Thus the four-vector \(I^j\) can be shortly rewritten as

$$\begin{aligned} I^j = T \left[ \frac{\partial \Phi _*}{\partial \omega } \left( {\bar{\psi }}\gamma ^j \psi \right) + \frac{\partial \Phi _*}{\partial \Omega } \left( {\bar{\psi }}\gamma ^5 \gamma ^j \psi \right) \right] . \end{aligned}$$
(18)

The function \(T=T(\phi , \Phi _*)\) takes zero value, when the axions are in the equilibrium state, \(\phi {=} n \Phi _*\), and the integer n, describing the serial number of the equilibrium level, is arbitrary.

2.3.2 Equations for the axion field

Variation of the action functional (1) with respect to the axion field gives the equation

$$\begin{aligned} \nabla ^k \nabla _k \phi = - \frac{m^2_A \Phi _{*}}{2\pi } \sin {\left( \frac{2 \pi \phi }{\Phi _{*}}\right) } . \end{aligned}$$
(19)

The spinor field predetermines the structure of the function \(\Phi _*(S,P,H,\Omega )\), and thus it regulates the behavior of the axion field.

2.3.3 Equations for the spinor field

Variation of the action functional (1) with respect to the quantities \({\bar{\psi }}\) and \(\psi \) gives, respectively,

$$\begin{aligned} i\gamma ^{n} D_{n}\psi - M \psi =0 , \quad i D_{n}{{\bar{\psi }}}\gamma ^{n} + {{\bar{\psi }}} M = 0 , \end{aligned}$$
(20)

where the matrix M is presented by the formula

$$\begin{aligned} M&= m E - T\nonumber \\&\quad \times \left[ \frac{\partial \Phi _*}{\partial S} E + \frac{\partial \Phi _*}{\partial P} \gamma ^5 + \left( \frac{\partial \Phi _*}{\partial \omega } E + \frac{\partial \Phi _*}{\partial \Omega } \gamma ^5 \right) U_k \gamma ^k \right] .\nonumber \\ \end{aligned}$$
(21)

If we consider the effective mass as the scalar function, we can use the formula

$$\begin{aligned}&\langle M\rangle \equiv \frac{({\bar{\psi }} M \psi )}{({\bar{\psi }}\psi )} \nonumber \\&\quad = m - \frac{T}{S} \left[ S \frac{\partial \Phi _*}{\partial S} + P \frac{\partial \Phi _*}{\partial P} + \omega \frac{\partial \Phi _*}{\partial \omega } + \Omega \frac{\partial \Phi _*}{\partial \Omega } \right] . \end{aligned}$$
(22)

According to (20), (21) the axion field \(\phi \) and the aether velocity form an effective mass of the spinor field.

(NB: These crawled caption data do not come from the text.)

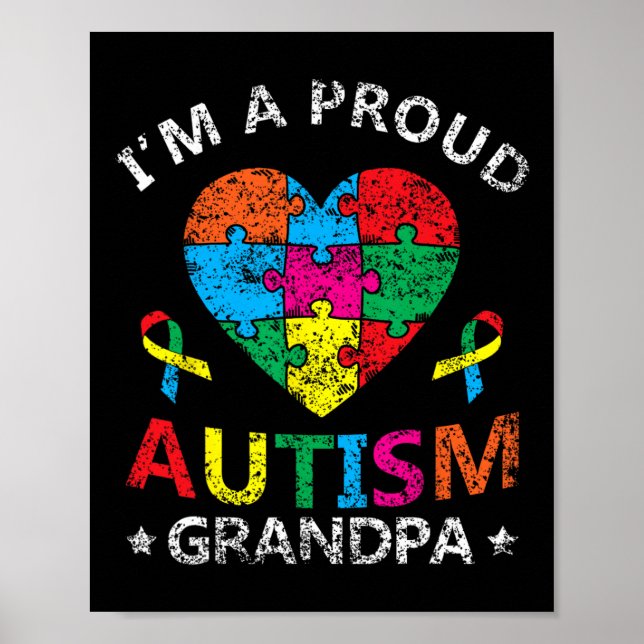 Jag är en stolt Autism Grandpa Support Autists Aut Poster (Framsidan)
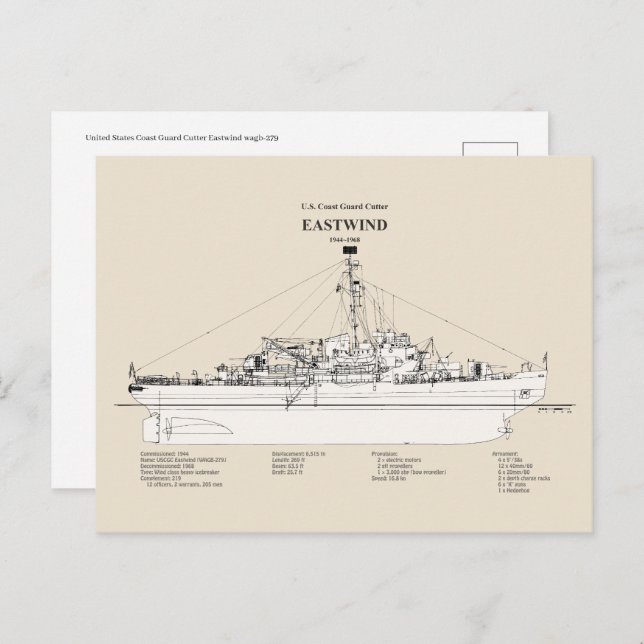 Postal USCGC Eastwind wagb-279 - SBD (Anverso / Reverso)
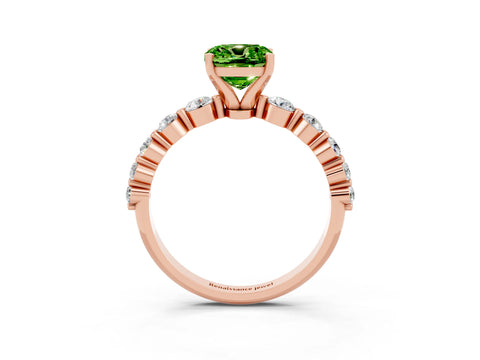 Rose gold Cushion Cut Solitaire Peridot Ring with Pave Band and Four-Prong Setting_3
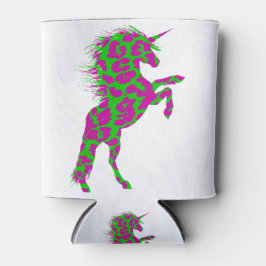 Porta-lata Colorida Neon Leopard Print Unicorn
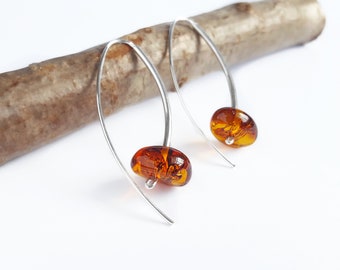 Natural Baltic Amber Earrings, Long Amber Earrings, Threader Earrings, Gemstone Earrings, Unique Amber Earrings, Dangle Amber Earrings, Gift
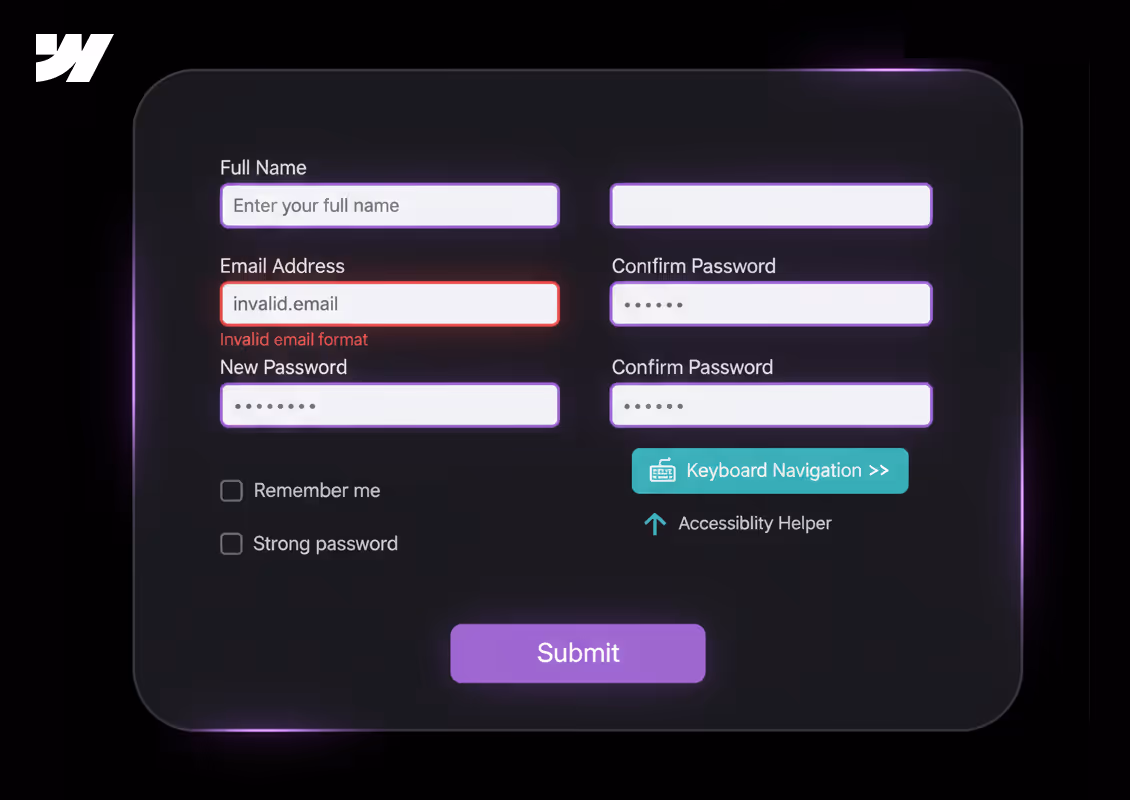 Webflow Form Accessibility Tips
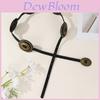 Vintage Street Fashion Hollow Round Pu Leather Belt For Women With Studded Double Ring Design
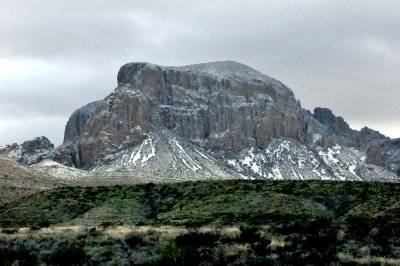 A MOUNTAIN WITH SNOW IN BIG BEND....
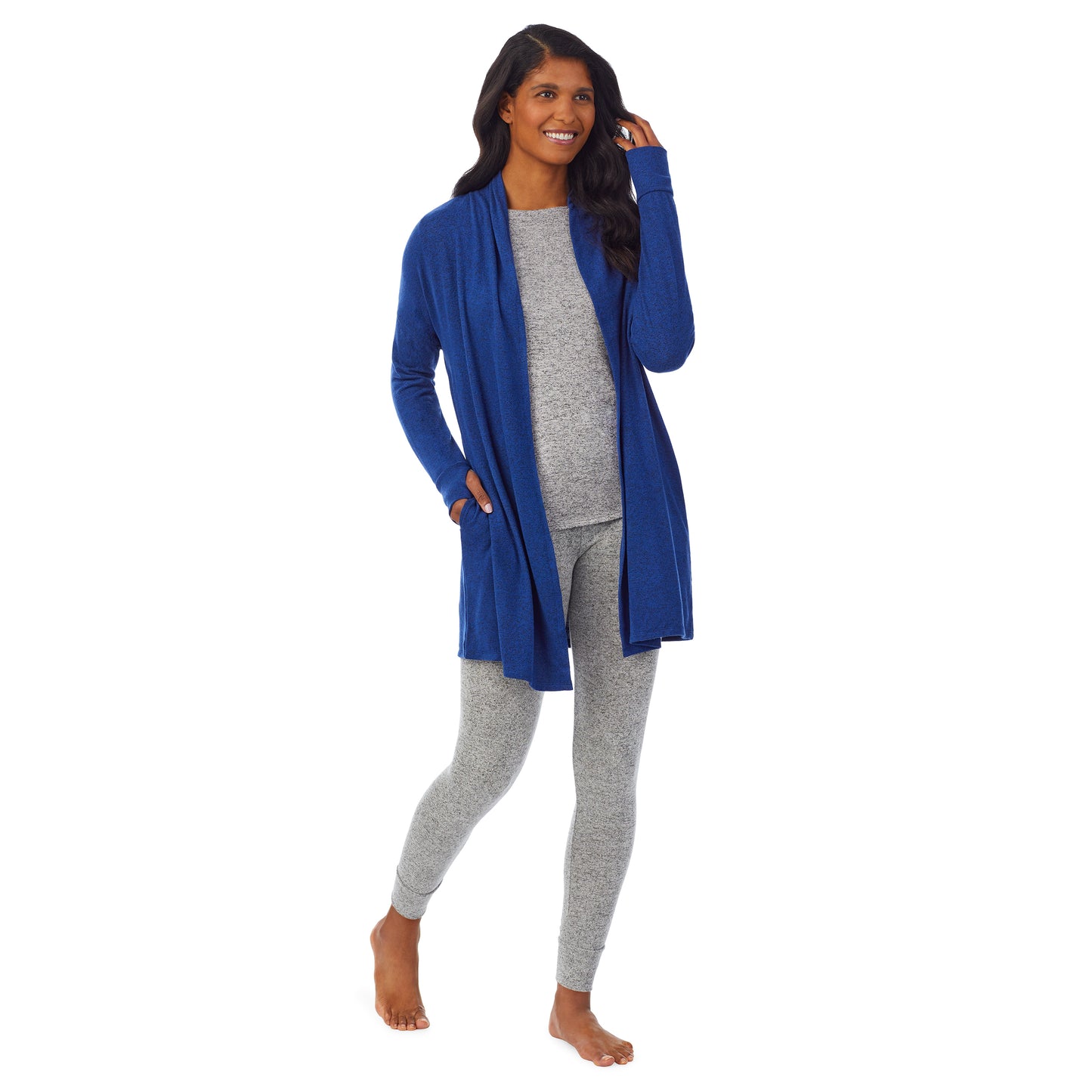 Marled Royal Blue; Model is wearing size S. She is 5’10”, Bust 34”, Waist 24”, Hips 34”. @A lady wearing a marled royal blue long sleeve wrap.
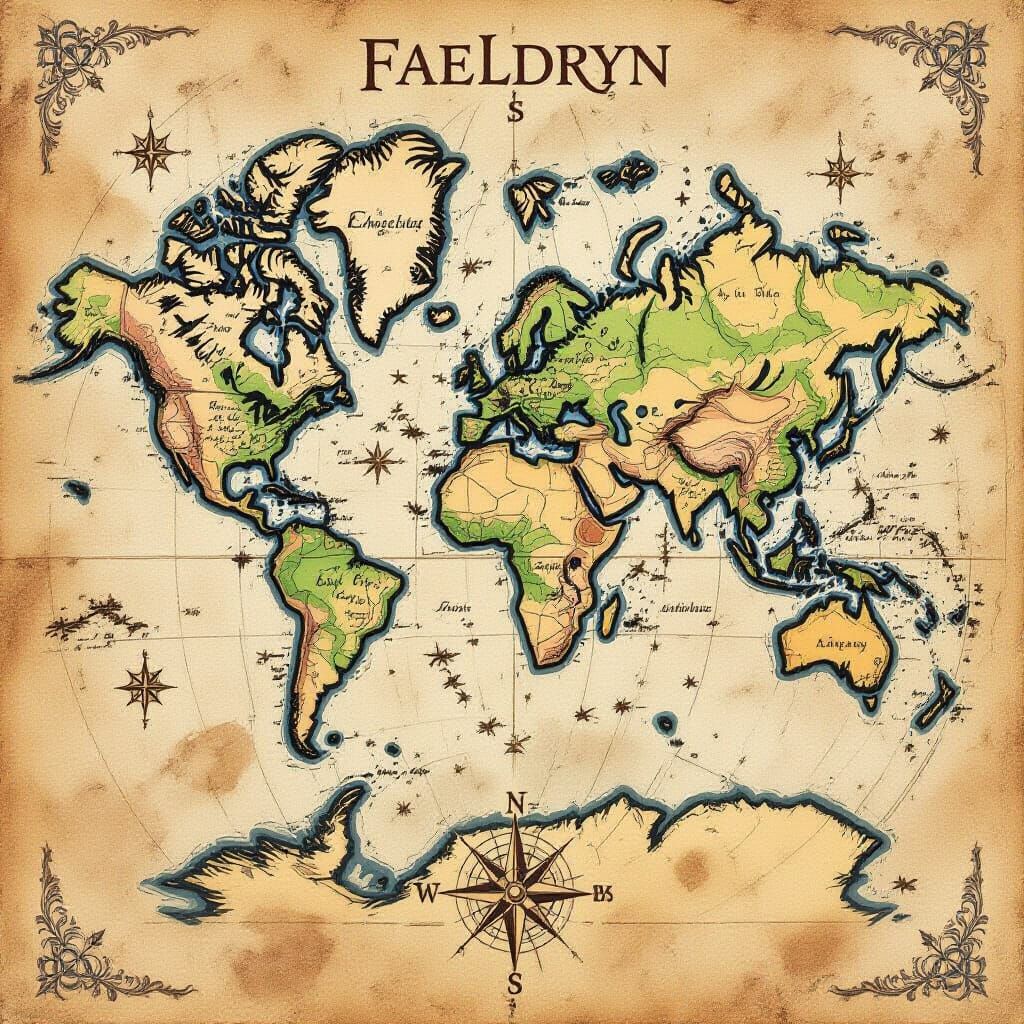 Antique Fantasy World Map on Weathered Parchment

2.3.4 Equations for the gravity field

Variation of the action functional (1) with respect to the metric yields

$$\begin{aligned} R_{pq}-\frac{1}{2} g_{pq} R - \Lambda g_{pq} = T^{\mathrm{U}}_{pq} + \kappa T^{({\mathrm{A}})}_{pq} + \kappa T^{({\mathrm{D}})}_{pq} + \kappa T^{({\mathrm{B}})}_{pq} .\nonumber \\ \end{aligned}$$
(23)

The standard stress-energy tensor of the aether \(T^{({\mathrm{U}})}_{pq}\) is known to have the form:

$$\begin{aligned} T^{({\mathrm{U}})}_{pq}= & {} \frac{1}{2} g_{pq} \ K^{abmn} \nabla _a U_m \nabla _b U_n+ \lambda U_pU_q \nonumber \\&+\nabla ^m \left[ U_{(p}{{\mathcal {J}}}_{q)m} - {{\mathcal {J}}}_{m(p}U_{q)} - {{\mathcal {J}}}_{(pq)} U_m\right] \nonumber \\&+C_1\left[ (\nabla _m U_p)(\nabla ^m U_q) - (\nabla _p U_m )(\nabla _q U^m) \right] \nonumber \\&+C_4 D U_p D U_q . \end{aligned}$$
(24)

The stress-energy tensor of the axion field contains one standard and one new elements:

$$\begin{aligned} T^{({\mathrm{A}})}_{pq}= & {} \Psi ^2_0 \left[ \nabla _p \phi \nabla _q \phi +\frac{1}{2} g_{pq}\left( V- \nabla _k \phi \nabla ^k \phi \right) \right] \nonumber \\&+ \frac{1}{2} T \left\{ \frac{\partial \Phi _*}{\partial \omega } \left[ U_p \left( {\bar{\psi }}\gamma _q \psi \right) + U_q \left( {\bar{\psi }}\gamma _p \psi \right) \right] \right. \nonumber \\&\left. {+} \frac{\partial \Phi _*}{\partial \Omega } \left[ U_p \left( {\bar{\psi }}\gamma ^5 \gamma _q \psi \right) {+} U_q \left( {\bar{\psi }}\gamma ^5 \gamma _p \psi \right) \right] \right\} . \end{aligned}$$
(25)

The new element in (25), which is proportional to the function T, is originated from the variation of the potential V with respect to the metric. Here we used the formulas

$$\begin{aligned}&\frac{\delta X^n_{(a)}}{\delta g^{pq}} = \frac{1}{4} \left( X_{p (a)} \delta ^n_q + X_{q (a)} \delta ^n_p \right) , \end{aligned}$$
(26)
$$\begin{aligned}&\frac{\delta g_{mn}}{\delta g^{pq}} = - \frac{1}{2} \left( g_{mp}g_{nq} + g_{np}g_{mq}\right) , \end{aligned}$$
(27)
$$\begin{aligned}&\frac{\delta \gamma ^{(a)}}{\delta g^{pq}} = 0 , \quad \frac{\delta \gamma ^5}{\delta g^{pq}} = 0 , \quad \frac{\delta U^j}{\delta g^{pq}} = 0 . \end{aligned}$$
(28)

Details of variation procedure for the tetrad four-vectors can be found, e.g., in [59, 60].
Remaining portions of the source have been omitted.